Réellement, cette langue dite « tamazight » n’existe pas en tant que telle, objet linguistique identifiable, elle n’existe qu’à travers ces variantes/dialectes et parlers différents: « ce concept de « langue berbère » ne recouvre aucune réalité : « c’est un objet linguistique qui désigne l’ensemble des variétés berbères naturelles »5. Miloud Taïfi présente cette langue berbère/amazighe comme :

« Une construction pyramidale dont la base est constituée par les parlers locaux et le sommet par ce que l’on convient d’appeler la langue berbère dont le nom de plus en plus utilisée est le tamazight. Les faces de la pyramide représentent les supra- systèmes qui sont naturellement moins nombreux que les parlers.6. »

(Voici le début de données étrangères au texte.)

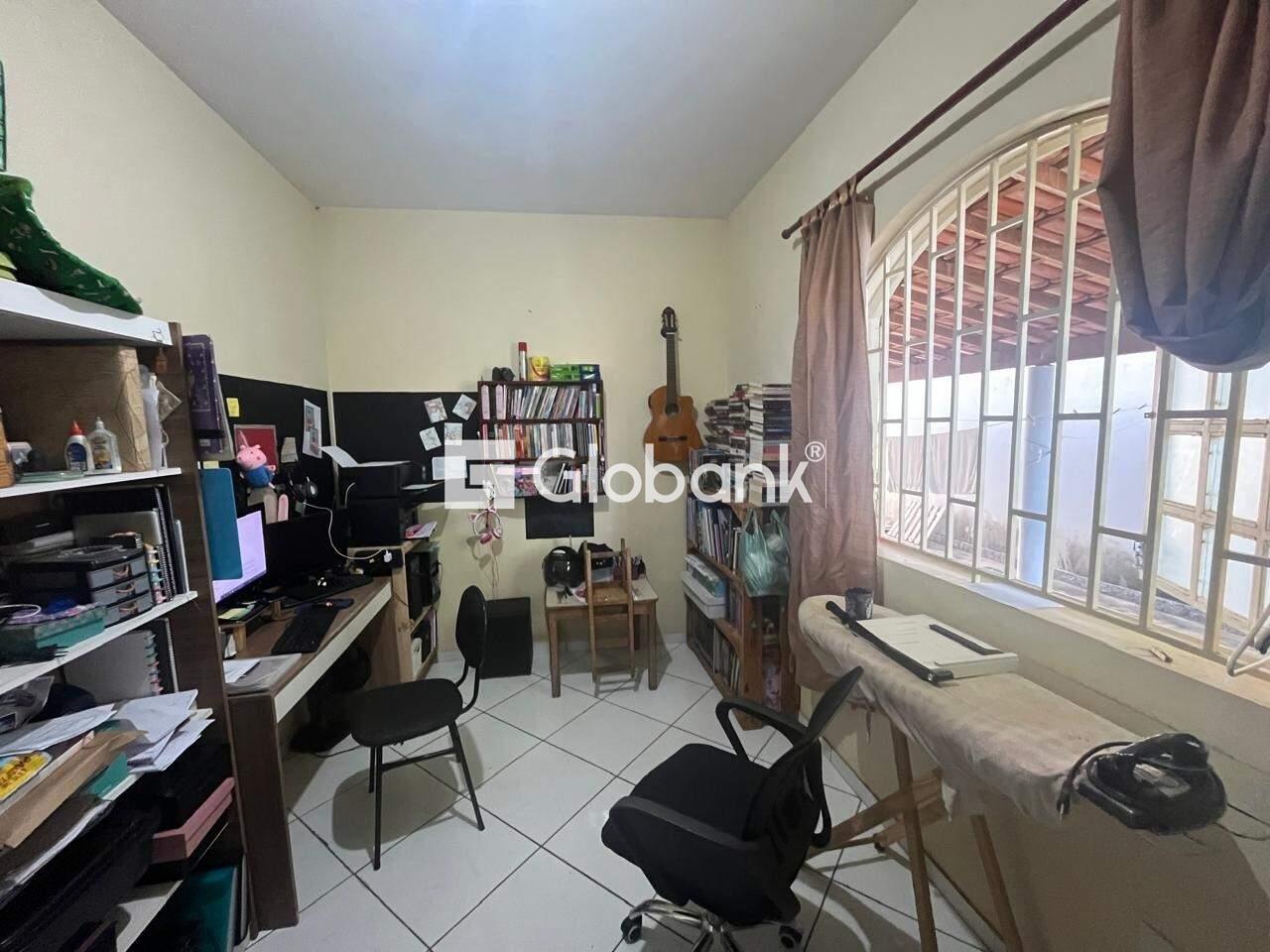 Casa 7 quartos à venda Vila Brasília 408m² Montes Claros MG: 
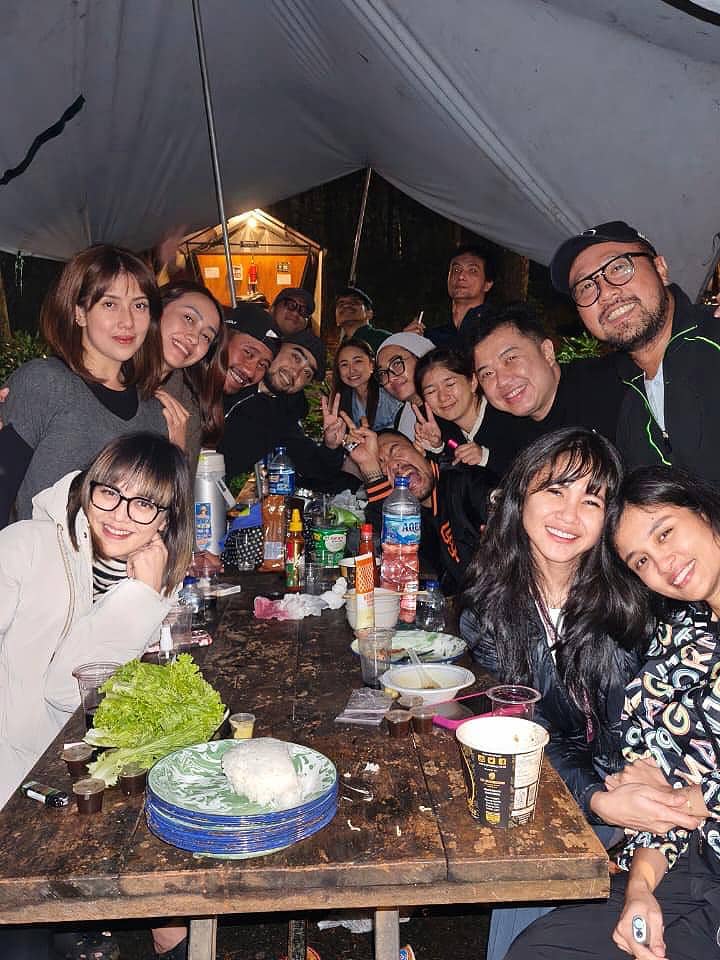 Uus dan keluarga glamping di Lembang.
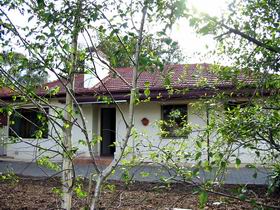 The Birches - Accommodation Rockhampton 0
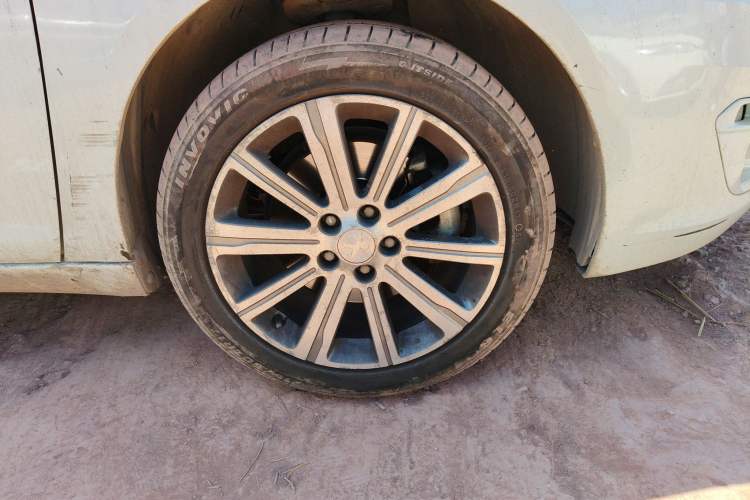 Used Peugeot 408 2018 Revised 350THP Automatic Luxury Edition Right Front Wheel Hub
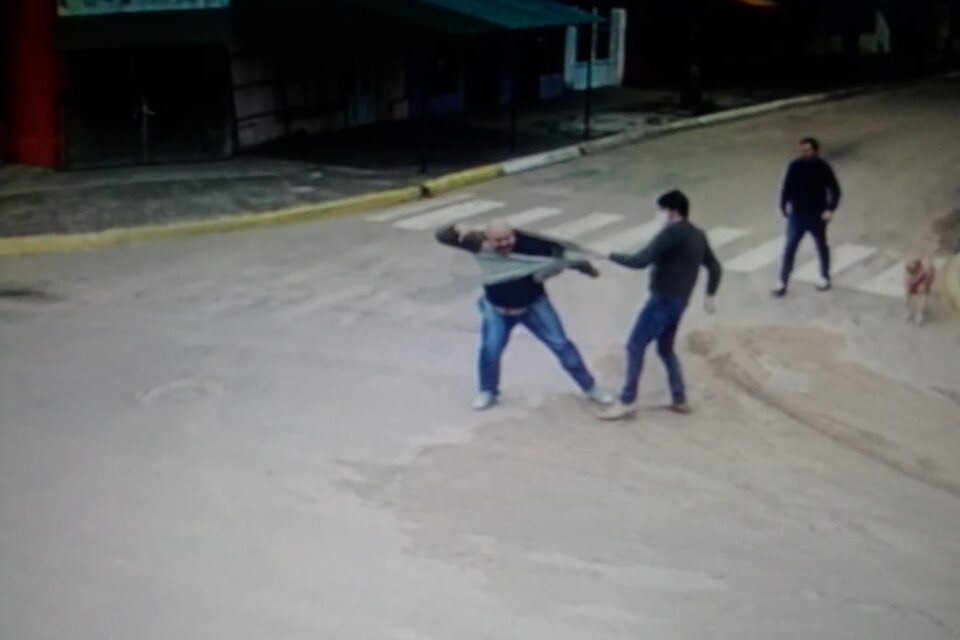 La agresión de un intendente radical de Corrientes quedó grabada en cámaras de seguridad (Fuente: Captura de pantalla)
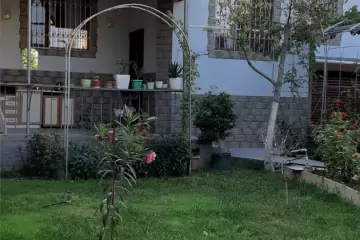 Satılır Həyət Evi Buzovnada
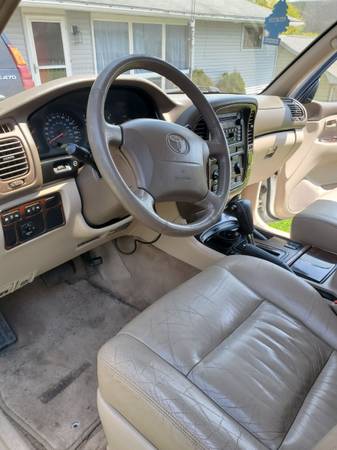2000 Toyota Land Cruiser, Great condition for sale in Allentown, PA – photo 12
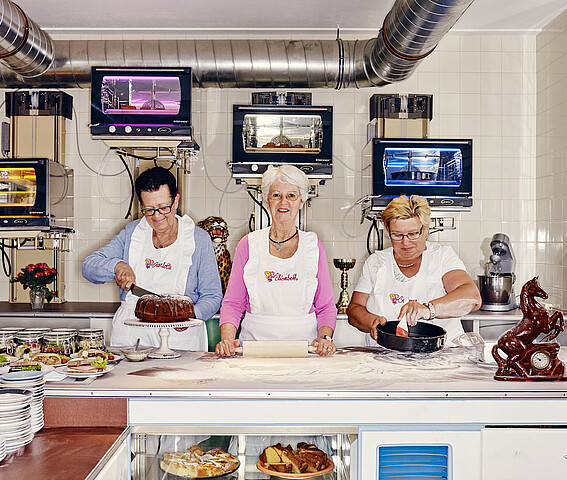 Three granbdmothers baking cake in the Vollpension studio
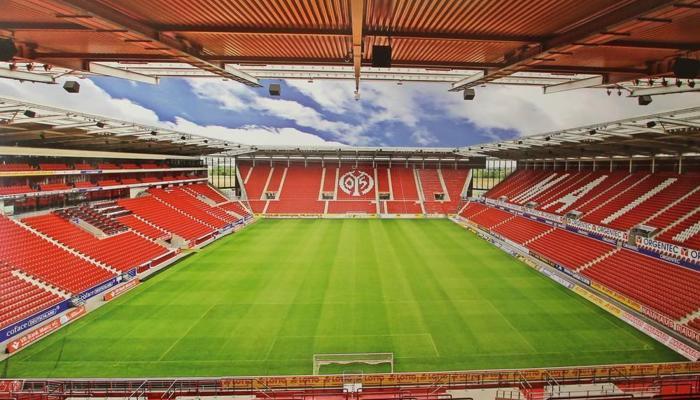 Mainz 05 Stadı'nın adı ne? Mainz 05 Stadı nerede, kapasitesi ne kadar? Mainz 05 Stadı kaç kişilik?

Tamazight connait une forte variation qui s’accentue de plus en plus avec le manque de contact entre les groupes berbérophones et la politique d’arabisation mise en œuvre depuis 1962. Les variantes de la langue tamazight, dites aussi langues par certains linguistes, se distinguent de plus en plus sur le terrain par des appellations différentes (chaoui, kabyle, mozabite, targui…), et aussi par leurs différentes dynamiques. Même la reconnaissance de tamazight comme langue nationale et son introduction dans le système éducatif renforcent la distanciation au lieu de la réduire, comme c’est acté dans tous les textes officiels qui ont accompagné cet enseignement. Cet acquis de la revendication identitaire fragilise l’unité linguistique, et l’idée ou plutôt la thèse de « langues berbères / langues tamazight » commence, une nouvelle fois, à gagner du terrain.